The 35-year-old not only smashed in what was arguably the best goal of his career to give Holland the lead but also headed a shot off the line to deny Uruguay.
Not only did the goal broke the ice in the game, while providing the Dutch with the winning margin, it’s also a goal that has a great deal of emotional and professional significance as well. All things considered — the skill involved and what the goal meant on a personal level — it’s hard to argue it’s position when it comes to being one of the best goals of the 2010 World Cup.
And then there were eight. The first round of the knockout stage of the World Cup is completed, and thanks to David Villa’s second half goal — courtesy of some fantastic passing in close quarters — Portugal will not be participating in the 2010 World Cup any longer. So long, Cristiano. Sorry there were no nifty eye-winks for you to enjoy this time out.
For what it’s worth, Villa’s finish also deserves a wink, if, for nothing else, just how sublime the passes that freed him to score were. Villa’s sticktoitiveness should also get a great deal of credit, because his first shot attempt was deflected nicely by Eduardo, the Portuguese goalkeeper. The second attempt? Not so much:
Next up for Spain is Paraguay, who beat Japan after winning their penalty shoot-out. If Spain continues their advancement towards the final and beats Paraguay, the winner of the Argentina/Germany game awaits.

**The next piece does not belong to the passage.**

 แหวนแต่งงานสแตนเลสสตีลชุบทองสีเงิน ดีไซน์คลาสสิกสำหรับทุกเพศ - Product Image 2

The idea of that game, alone, is enough for me to root for Spain over the Paraguayans. On the other hand, however, if the Larissa-Riquelme-will-run-naked rumor is true, perhaps I should change allegiances.
While his first goal remains mired in controversy, there’s no denying the second goal scored by Carlos Tevez was an absolutely amazing goal. In fact, it might just be the goal of the World Cup, with no offense to folks like Siphiwe Tshabalala or Lukas Poldolski.
Now that, friends, was an absolute blast. For as controversial as his first goal was, Tevez’ second goal was just as brilliant.
In other news, Argentina/Germany looks like must-see TV. While that side of the World Cup bracket has teams like Spain and Portugal remaining, it’s hard not to see the winner of Germany/Argentina making it to the World Cup final.
Not only did Landon Donovan put himself in a position to be the leader of the free world, his extra-time World Cup-saving goal also caused such Internet traffic spikes, he single-handedly knocked Yahoo Sports off the air, Internet-wise, anyway.
Reaction to his goal also “fail-whale’d” Twitter, but that’s par for the course with that thing. The reason for these malfunctions? Traffic.
In the minutes following Landon Donovan’s game winning goal in the 91st minute of action (which sent the US to the round of 16), traffic spiked to 11.2 million visitors per minute, which moves the event past the 2008 presidential election as the 2nd highest traffic spike of all-time… The plethora of World Cup breaking news briefly knocked Yahoo Sports offline…
Who says Americans don’t like soccer/football/futbol? Just ask Jack, Evan and Biz about how Twitter handled all the excitement.
By scoring perhaps the most dramatic goal in the history of US Soccer, Landon Donovan, with one touch of his right foot’s instep, secured the US’ World Cup advancement to the knock-out round of 16, vaulted his team to the top of Group C, all while preventing the setback of the US soccer movement by years, if not generations. Yes, Donovan’s game-winner was just that big. After 90-plus minutes of a nerve-racking 0-0 tie, the United States finally broke the seal. Once the goal was confirmed by the referee — not a sure thing by any means for the US so far — you could feel a sense of relief, mixed with exaltation.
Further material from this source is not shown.